Für diesen nicht leichten Weg hat der Herr einen großen Trost für uns bereit: Gott hält Ausschau
nach zerbrochenen Steinen! Mit zerbrochenen Steinen will Er Seinen Tempel bauen und vollenden - unsere Schwachheit macht uns tauglich!
Als damals unsere Schwestern in den Trümmerhalden Darmstadts nach Bausteinen suchten, um
die Mutterhauskapelle aufzubauen, waren sie immer darauf angewiesen, ganze Steine zu finden.
Manchmal war das eine lange Suche.
Gott sucht nach zerbrochenen Steinen, nach denen Er oft auch lange suchen muss. Aber in den
bevorstehenden gewaltigen Turbulenzen der beginnenden Endzeit wird sich dieser Prozess beschleunigen - Dank sei Gott!

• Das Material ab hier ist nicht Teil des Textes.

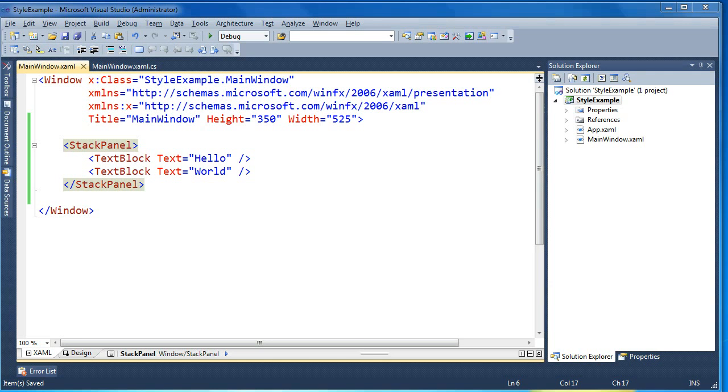Hi, my name is Brad Cunningham, and today I'm going to have a very simple example of how to define and apply styles to the visual elements of your WPF application.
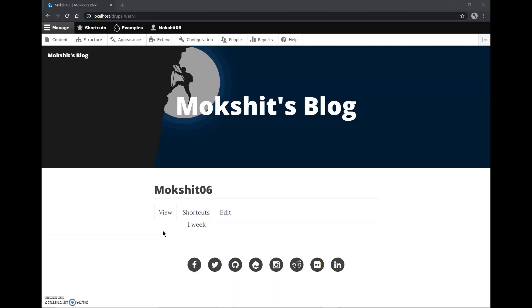Hey guys, this is Mokshad and in this video I'll be adding a geolocation map to my Drupal website.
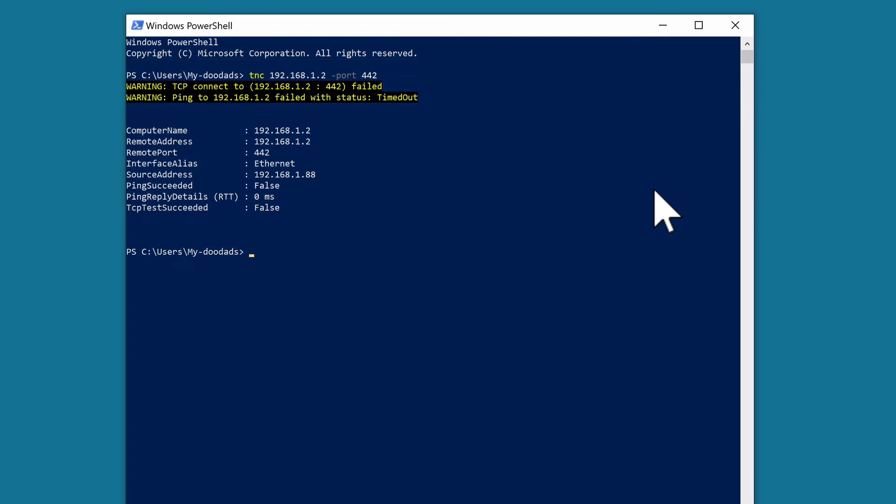If the port is closed we will receive two warnings. The first informs us that the TCP connection to our NAS has failed while the second reports that a ping to our NAS has timed out.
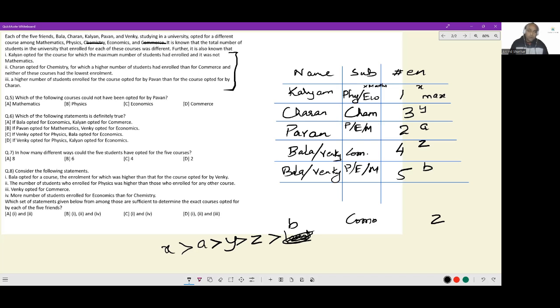Which of the following courses could not have been opted for by Pawan? Pawan can take physics, economics, or mathematics, but he cannot take commerce — so the answer is option D.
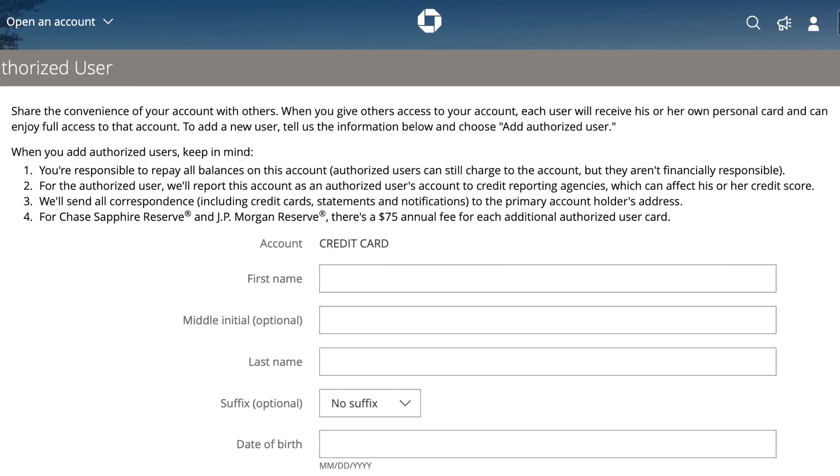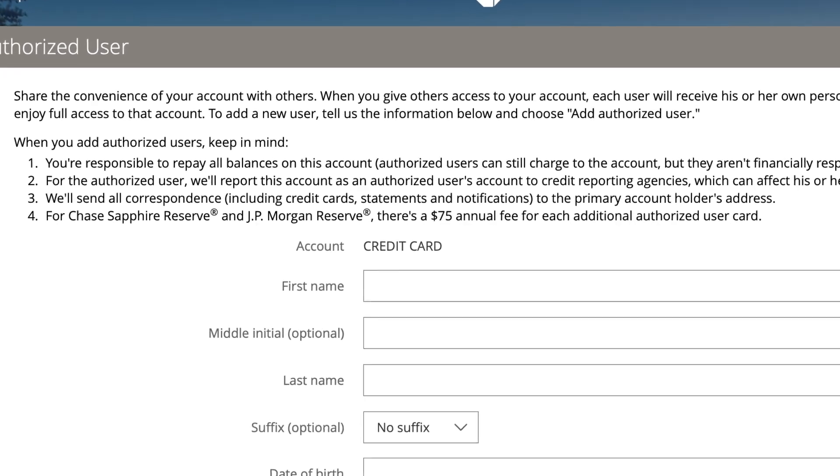There are a couple of important things to note. You are responsible to repay all balances on this account. So if you add an authorized user, give them the credit card, and they max it out, you'll be the one responsible to pay all of that off. Also, your authorized user will get the entire credit history of this credit card. So if you have late payments or went into collections, all of that will show up on their credit as well. If you are looking to help someone out, make sure your credit is absolutely amazing, because any negative things will transfer to them too.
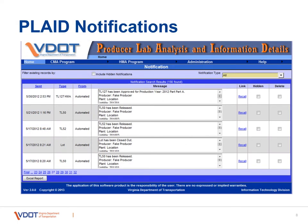Once you log in to the PLAD system, you'll see a notification page which will show you some of the most recent activity for things that pertain to your company or your plant. Here we see a lot of TL-50s that have been submitted, and on the top we see a TL-127. You can navigate by clicking on HMA program, and it'll drop down some of the other steps you can move on to.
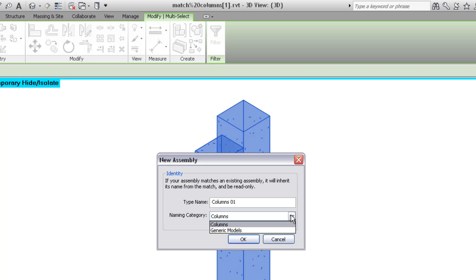In this case, you could select the Generic Models category, to which the corbels belong. To accept the default category of columns, click OK.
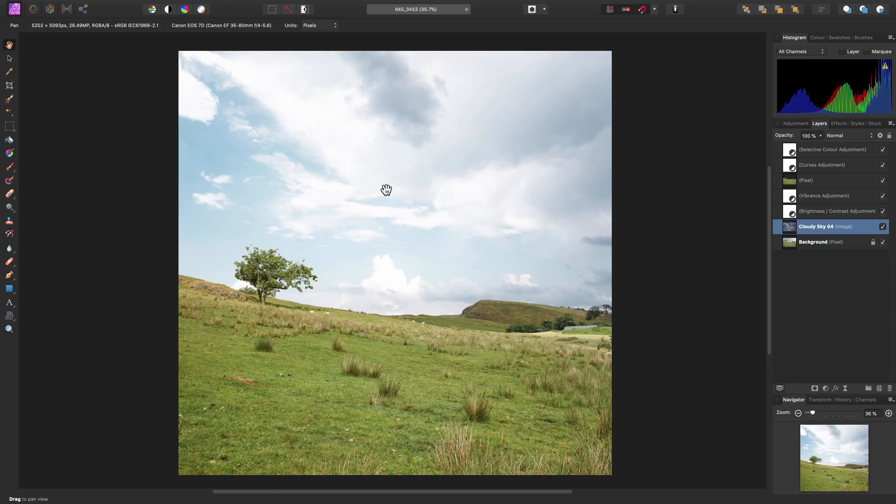So there we go — that was a quick walkthrough on sky replacement. Thank you for watching.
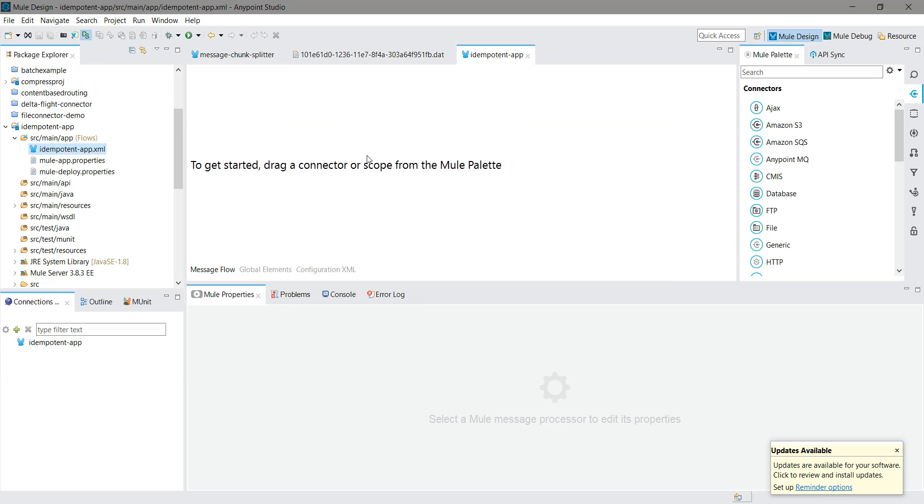The application has been created. Where can we use the idempotent filter? Basically, when you want to accept only unique messages. We will see in the demo how you can configure your idempotent filter in the application.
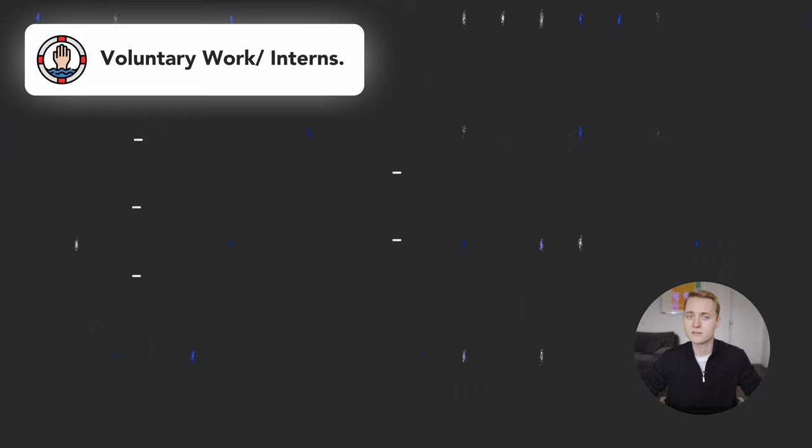Before we get into an option for adventurous people, a quick insert. If you are thinking about studying medicine in Germany, you might benefit from my free application checklist. By clicking the first link in the video description you can get it to hopefully help with planning your med school application. Best of luck!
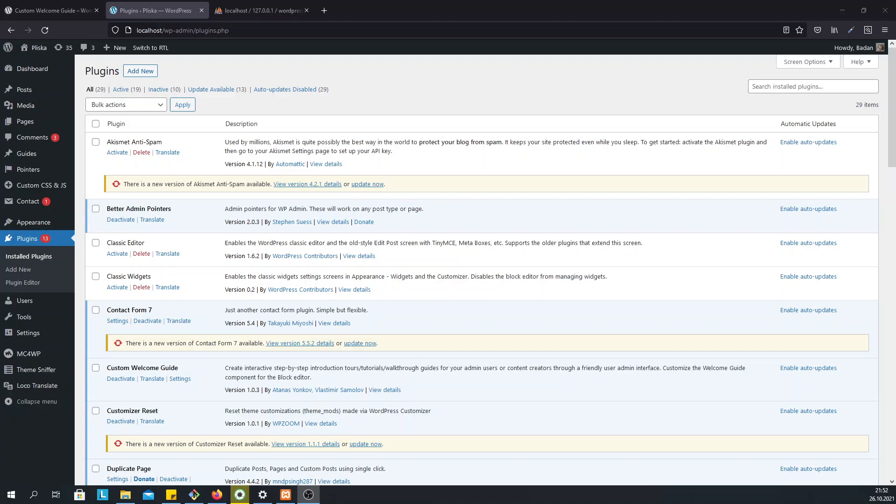Custom Welcome Guide gives you the option to create guides for your admin users or editors, so they can get familiar with the WordPress admin interface.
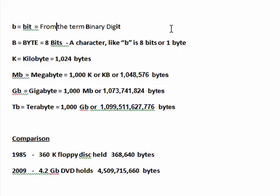And they equal 1,099,511,627,776 bytes. To give you just a comparison of the difference in storage media today from the early days of computing, in 1985, the standard storage medium was a 360K floppy disk, which held 368,640 bytes.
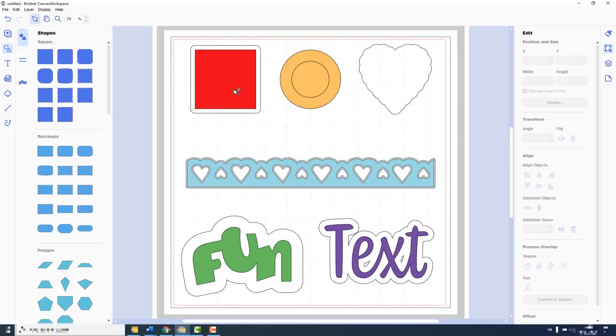So we can see we can apply the outline to any object that we can load into Canvas Workspace, even images that we've imported from USB sticks or that we have traced using the software.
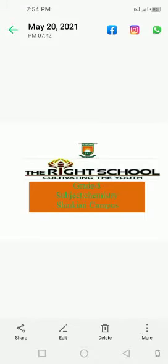Assalamu alaikum students, how are you? I hope you all are fine. Students, it's your chemistry class time. Please open your textbook, grade 8, textbook of chemistry.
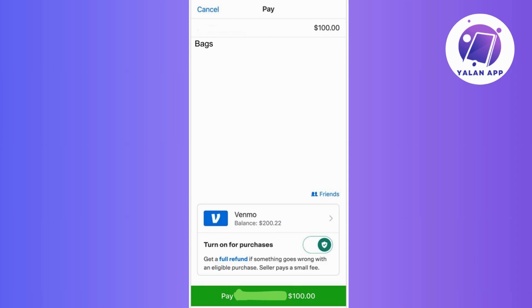First things first, open up your Venmo app on your mobile device. And once you're in, head over to the upper right corner where you will find the settings menu.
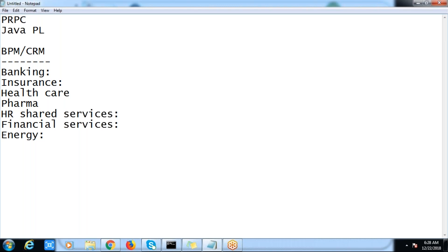The security mechanism is also built in. You don't have to create any security tool. There are different levels of users using these applications. If you take banking, suppose the agent is having one level of access, and at the next level there may be a manager with a certain level of access — roles and accesses. Such kind of security mechanism we can manage using Pega itself.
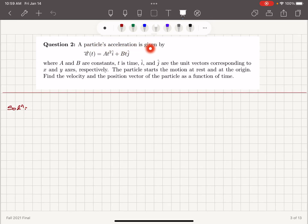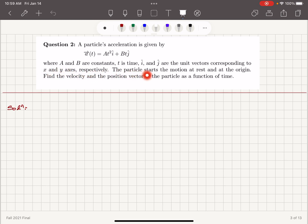A particle's acceleration is given by a·t² î + b·t ĵ, where a and b are constants, t is time, and î and ĵ are the unit vectors corresponding to the x and y axes respectively. The particle starts the motion at rest and at the origin. Find the velocity and position vector of the particle as a function of time.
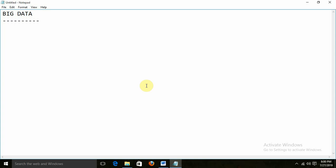In the earlier editions of computers — I am talking about the 1970s — to store the data, normally the file system was there. Files would contain the data. After that, the next concept was databases, like RDBMS. A table would be there, and data would get stored in the table. You could store employee data, student data, or customer data.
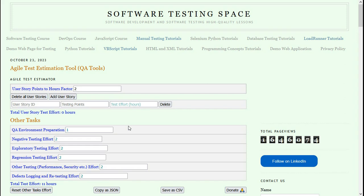Welcome to this tutorial on the Agile Test Estimator tool that I have developed recently. It's a simple tool to estimate the test effort in your project, release, or sprint.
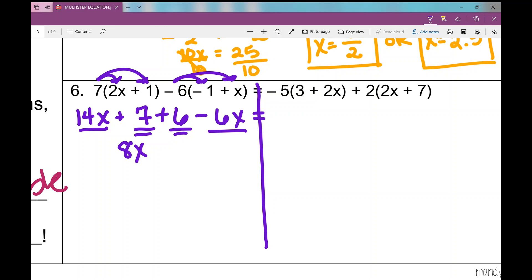Now I combine like terms on the left side. Students might circle, box, or use different colored highlighters to mark like terms — I use different numbers of underlines. So 14x and negative 6x combine to give 8x, and the constants 7 and 6 combine to give 13. The left side simplifies to 8x plus 13.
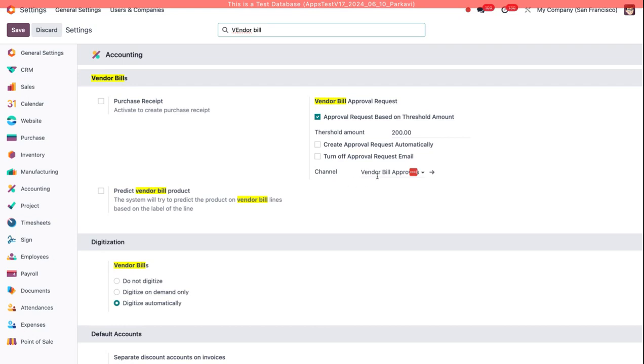Also you can select a channel here. This is indicating a Discuss channel where this notification will show up once the Vendor Bill Approval is made.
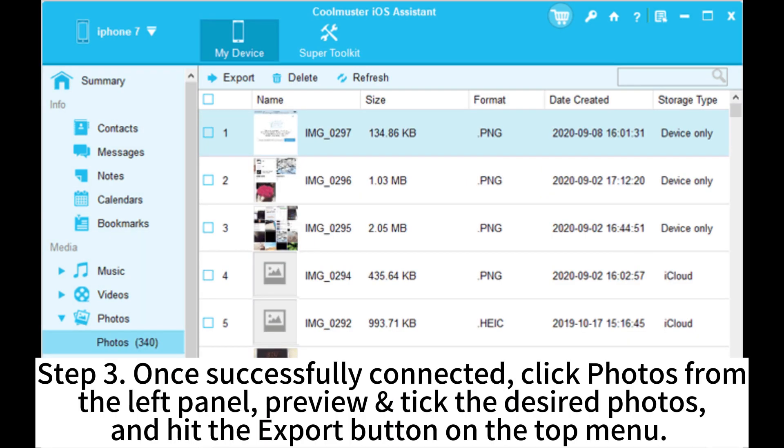Step 3. Once successfully connected, click Photos from the left panel. Preview and tick the desired photos and hit the Export button on the top menu.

Für die letzte Bauphase vor der Wiederkunft Jesu ermutigt uns der Herr durch den Propheten
Sacharja in Kapitel 4. Auch damals ging es um den Bau des Tempels. Alle am Bau Beteiligten sollten die Tage der geringen Anfänge nicht verachten, sondern erwarten, dass sie mit Freuden den
Schlussstein sehen werden. Das schien damals unmöglich zu sein, und erst recht scheint es heute
unmöglich zu sein - aber die Garantie für dieses große Werk übernimmt Gott selbst:
So spricht der Herr Zebaoth: Es soll geschehen nicht durch Heer oder Kraft, sondern durch
meinen Geist! Sacharja 4,6
Wir wollen heute gemeinsam vor unseren Herrn treten in dem Dank, dass Er auf unseren geringen Anfang wartet.